Cannot include $$Y$$ in $$Z$$ without adding random errors to imputed values as done with multiple imputation (would steal info from $$Y$$)
• Recursive partitioning can sometimes be helpful for nonparametrically estimating conditional means
N

## 3.8 Multiple Imputation

• Single imputation could use a random draw from the conditional distribution for an individual
$$\hat{X}_{j} = Z \hat{\theta} + \hat{\epsilon}, Z = [X\bar{j}, Y]$$ plus auxiliary variables
$$\hat{\epsilon} = n(0, \hat{\sigma})$$ or a random draw from the calculated residuals
• bootstrap
• approximate Bayesian bootstrap : sample with replacement from sample with replacement of residuals
• Multiple imputations ($$M$$) with random draws
• Draw sample of $$M$$ residuals for each missing value to be imputed
• Average $$M$$ $$\hat{\beta}$$
• In general can provide least biased estimates of $$\beta$$
• Simple formula for imputation-corrected var($$\hat{\beta}$$)
Function of average “apparent” variances and between-imputation variances of $$\hat{\beta}$$
• Even when the $$\chi^2$$ distribution is a good approximation when data have no missing values, the $$t$$ or $$F$$ distributions are needed to have accurate $$P$$-values and confidence limits when there are missings
• BUT full multiple imputation needs to account for uncertainty in the imputation models by refitting these models for each of the $$M$$ draws
• transcan does not do that; aregImpute does
• Note that multiple imputation can and should use the response variable for imputing predictors
• aregImpute algorithm
• Takes all aspects of uncertainty into account using the bootstrap
• Different bootstrap resamples used for each imputation by fitting a flexible additive model on a sample with replacement from the original data
• This model is used to predict all of the original missing and non-missing values for the target variable for the current imputation
• Uses flexible parametric additive regression models to impute
• There is an option to allow target variables to be optimally transformed, even non-mono-ton-ical-ly (but this can overfit)
• By default uses predictive mean matching for imputation; no residuals required (can also do more parametric regression imputation)
• By default uses weighted PMM; many other matching options
• Uses by default van~Buuren’s “Type 1” matching to capture the right amount of uncertainty by computing predicted values for missing values using a regression fit on the bootstrap sample, and finding donor observations by matching those predictions to predictions from potential donors using the regression fit from the original sample of complete observations
• When a predictor of the target variable is missing, it is first imputed from its last imputation when it was a target variable
• First 3 iterations of process are ignored (“burn-in”)
• Compares favorably to R MICE approach
• Example:
OP
Code
a <- aregImpute(~ age + sex + bp + death + heart.attack.before.death,
data=mydata, n.impute=5)
f <- fit.mult.impute(death ~ rcs(age,3) + sex +
rcs(bp,5), lrm, a, data=mydata)

See Barzi & Woodward (2004) for a nice review of multiple imputation with detailed comparison of results (point estimates and confidence limits for the effect of the sometimes-missing predictor) for various imputation methods. Barnes et al. (2006) have a good overview of imputation methods and a comparison of bias and confidence interval coverage for the methods when applied to longitudinal data with a small number of subjects. Horton & Kleinman (2007) have a good review of several software packages for dealing with missing data, and a comparison of them with aregImpute. Harel & Zhou (2007) provide a nice overview of multiple imputation and discuss some of the available software. White & Carlin (2010) studied bias of multiple imputation vs. complete-case analysis. White et al. (2011) provide much practical guidance.

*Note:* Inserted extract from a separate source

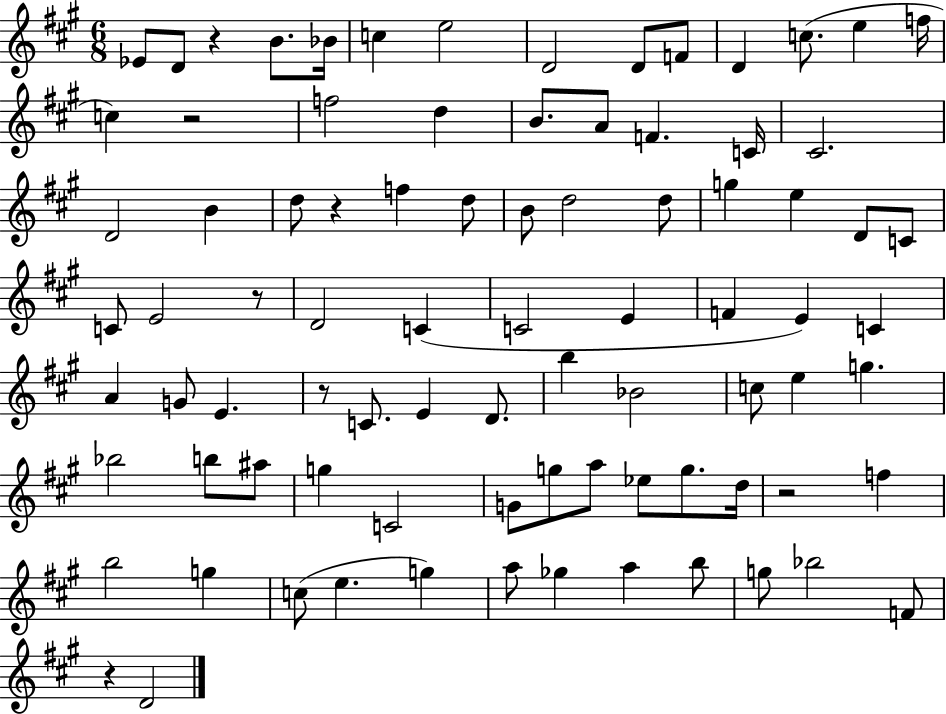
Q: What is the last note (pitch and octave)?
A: D4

Caution: Methods can generate imputations having very reasonable distributions but still not having the property that final response model regression coefficients have nominal confidence interval coverage. It is worth checking that imputations generate the correct collinearities among covariates.

• With MICE and aregImpute we are using the chained equation approach
• Chained equations handles a wide variety of target variables to be imputed and allows for multiple variables to be missing on the same subject
• Iterative process cycles through all target variables to impute all missing values
• Does not attempt to use the full Bayesian multivariate model for all target variables, making it more flexible and easy to use
• Possible to create improper imputations, e.g., imputing conflicting values for different target variables
• However, simulation studies demonstrate very good performance of imputation based on chained equations
QR

## 3.9 Diagnostics

• MCAR can be partially assessed by comparing distribution of non-missing $$Y$$ for those subjects with complete $$X$$ vs. those subjects having incomplete $$X$$
• Yucel and Zaslavsky (Yucel & Zaslavsky, 2008; see also He & Zaslavsky, 2012)
• Interested in reasonableness of imputed values for a sometimes-missing predictor $$X_{j}$$
• Duplicate entire dataset
• In the duplicated observations set all non-missing values of $$X_{j}$$ to missing; let $$w$$ denote this set of observations set to missing
• Develop imputed values for the missing values of $$X_{j}$$
• In the observations in $$w$$ compare the distribution of imputed $$X_{j}$$ to the original values of $$X_{j}$$
• Bondarenko & Raghunathan (2016) present a variety of useful diagnostics on the reasonableness of imputed values.
S ## 3.10 Summary and Rough Guidelines

T
Table 3.1: Summary of methods for dealing with missing values
Method: Deletion Single Multiple
Allows non-random missing x x
Reduces sample size x
Apparent S.E. of $$\hat{\beta}$$ too low x
Increases real S.E. of $$\hat{\beta}$$ x
$$\hat{\beta}$$ biased if not MCAR x

The following contains crude guidelines. Simulation studies are needed to refine the recommendations. Here $$f$$ refers to the proportion of observations having any variables missing.

• $$f < 0.03$$: It doesn’t matter very much how you impute missings or whether you adjust variance of regression coefficient estimates for having imputed data in this case. For continuous variables imputing missings with the median non-missing value is adequate; for categorical predictors the most frequent category can be used. Complete case analysis is also an option here. Multiple imputation may be needed to check that the simple approach “worked.”
• $$f \geq 0.03$$: Use multiple imputation with number of imputations7 equal to $$\max(5, 100f)$$. Fewer imputations may be possible with very large sample sizes. See statisticalhorizons.com/how-many-imputations. Type 1 predictive mean matching is usually preferred, with weighted selection of donors. Account for imputation in estimating the covariance matrix for final parameter estimates. Use the $$t$$ distribution instead of the Gaussian distribution for tests and confidence intervals, if possible, using the estimated d.f. for the parameter estimates.
• Multiple predictors frequently missing: More imputations may be required. Perform a “sensitivity to order” analysis by creating multiple imputations using different orderings of sometimes missing variables. It may be beneficial to initially sort variables so that the one with the most NAs will be imputed first. aregImpute cycles in the order the analyst specifies variables in the formula.
U
• 7 White et al. (2011) recommend choosing $$M$$ so that the key inferential statistics are very reproducible should the imputation analysis be repeated. They suggest the use of $$100f$$ imputations. See also . von Hippel (2016) finds that the number of imputations should be quadratically increasing with the fraction of missing information.

• V

Reason for missings more important than number of missing values.

Extreme amount of missing data does not prevent one from using multiple imputation, because alternatives are worse .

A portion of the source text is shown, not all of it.